« 神奈川県大和市3歳女児虐待事件 | トップページ | 山口県宇部市女児切りつけ事件 »

2011/01/23

茨城県龍ヶ崎市女性放置死事件

1月3日午後0時10分ごろ、茨城県龍ケ崎市小柴のアパートで無職女性(20)が死亡しているのが発見される事件が起きている。
茨城県警竜ケ崎署が4日、司法解剖した結果、手足などの古傷が原因で衰弱死したことが判明した。

同署によると、傷が長期間完治せず、抵抗力を失っていた可能性がある。傷ができた経緯などを調べている。

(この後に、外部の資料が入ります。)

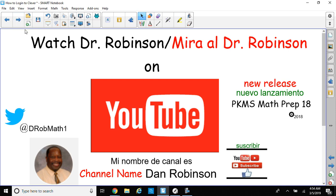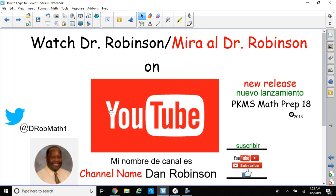Watch us on YouTube, and check out this video again in case you forget how to log on to our textbook. Check out our latest video and our other tutorials, PKMS Math Prep 18. Subscribe to our channel, give us a thumbs up, and you can tweet us at DRobMath1. My channel name is Dan Robinson.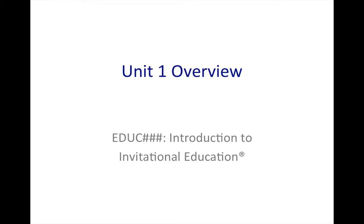As we get started with the Introduction to Invitational Education course, I wanted to provide you with a little bit of an overview of Unit 1 and essentially how to start this course. So again, welcome. Glad to have you along for this journey as we begin to look at the topic of Invitational Education.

女性は姉(22)と2人暮らし。3日昼、女性が起きてこないことを不審に思った姉が異変に気付き、「妹が息をしていない」と119番通報したようだ。

しかし、事件は意外な方向へ動き出す。
県警竜ケ崎署は1月22日、暴行して女性(20)を殺害したとして、姉の無職、女性容疑者(22)ら3人を逮捕した。捜査関係者によると、4人は同居していたという。

女性容疑者(姉)の他に殺人容疑で逮捕されたのは、同市松葉、無職、男性容疑者(23)、派遣社員、女性容疑者(43)。男性容疑者と女性容疑者(43)はこの日、詐欺容疑では釈放後、殺人容疑で再逮捕された。

同署の調べに対し、男性容疑者は「被害者が言うことを聞かず、気にいらなかった。虐待を繰り返して死なせたことは間違いない」と容疑を認めている。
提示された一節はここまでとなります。